How to Use Crawl Cleanup to Increase Search Engine Crawl Quota

When Google (and other search engines) begin to index your site, it’s common for them to pick up many unwanted URLs that come from your RSS feeds or from users who add query args in the address bar of their browser.

Google sees these URLs as unique and tries to index them separately. While this doesn’t harm your rankings (Google is smart enough to figure these things out), it does take up the crawl quota allotted to your site and in turn, could cause delays in indexing.

To combat this, we’ve introduced a new Crawl Cleanup feature in AIOSEO version 4.2.1 inside our Advanced Search Appearance settings to allow our users to fine-tune what Google can pick up.

To enable the Crawl Cleanup settings, click on Search Appearance in the All in One SEO menu and then click on the Advanced tab.

Scroll down to the bottom of the page and enable the toggle for Crawl Cleanup.

Crawl Cleanup section on the Search Appearance Advanced tab

Once enabled, you’ll be presented with quite a few new options for managing your RSS feeds as well as query args added to your site’s URLs.

Remove Query Args

This option removes all unrecognized query arguments from visitor URLs and redirects them to the same page they were visiting without them.

Remove Query Args setting under Crawl Cleanup

However, there are a few exceptions to this. By default, we keep the main WordPress query args to prevent your site from breaking. An example of this is if a user is performing a search on your blog, that uses the s query arg: https://yoursite.com/?s=My+search+query.
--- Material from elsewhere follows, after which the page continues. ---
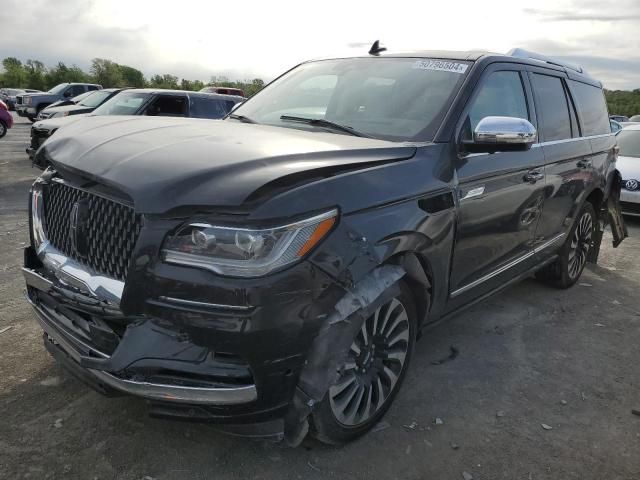 2023 Lincoln Navigator Black Label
We’ve also built integrations with many popular plugins that use query args to determine if they are enabled and restrict their query args from being removed.

Allowed Query Args

You can also manually allow any query arg in our Allowed Query Args list. Just add one per line. You can also use regular expressions here.

By default, we include support for UTM parameters for Google Analytics.

Allowed Query Args field under Crawl Cleanup

Only the key is required here. For example, if you want to allow a query arg that looks like this: https://yoursite.com?key=value. Then you only need to add the key part in the allowed list, i.e. key.

RSS Feeds

WordPress includes many RSS feeds on your site, including feeds that are not necessary at all. If you enable Crawl Cleanup, we automatically disable most feeds, keeping your main site feed and some additional feeds that are important.

Global RSS Feed

The global RSS feed is how users subscribe to any new content that has been created on your site. This is enabled by default with Crawl Cleanup and we do NOT recommend disabling it.

Global RSS Feed setting under Crawl Cleanup

Global Comments RSS Feed

The global comments feed allows users to subscribe to any new comments added to your site. This is disabled by default with Crawl Cleanup.

Global Comments RSS Feed setting under Crawl Cleanup

Static Posts Page Feed

If you are using a static page for your posts (i.e. https://yoursite.com/blog/) Then this option will appear. This is enabled by default with Crawl Cleanup and we do NOT recommend disabling it.

Static Posts Page Feed setting under Crawl Cleanup

Author Feeds

The authors feed allows your users to subscribe to any new content written by a specific author. This is enabled by default with Crawl Cleanup.

Author Feeds setting under Crawl Cleanup

Post Comment Feeds

The post comments feed allows your users to subscribe to any new comments on a specific page or post. This is disabled by default with Crawl Cleanup.

Post Comment Feeds setting under Crawl Cleanup

Search Feed

The search feed allows visitors to subscribe to your content based on a specific search term. This is disabled by default with Crawl Cleanup.

Search Feed setting under Crawl Cleanup

Attachments Feed

The attachments feed allows users to subscribe to any changes to your site made to media file categories. This is disabled by default with Crawl Cleanup.

Attachments Feed setting under Crawl Cleanup

Paginated RSS Feeds

The paginated RSS feeds are for any posts or pages that are paginated. This is disabled by default with Crawl Cleanup.

Paginated RSS Feeds setting under Crawl Cleanup

Post Type Archive Feeds

This controls which post type archive feeds are enabled. No post type archive feeds are enabled by default with Crawl Cleanup.

Post Type Archive Feeds setting under Crawl Cleanup

Taxonomy Feeds

This controls which taxonomy feeds are enabled. Only the Categories feed is enabled by default with Crawl Cleanup.

Taxonomy Feeds setting under Crawl Cleanup

Atom Feed

This is a global feed of your site which is output in the Atom format. This is disabled by default with Crawl Cleanup.

Atom Feed setting under Crawl Cleanup

RDF/RSS 1.0 Feed

This is a global feed of your site which is output in the RDF/RSS 1.0 format. This is disabled by default with Crawl Cleanup.

RDF/RSS 1.0 Feed setting under Crawl Cleanup

This feature is new in All in One SEO version 4.2.1. No legacy documentation is available.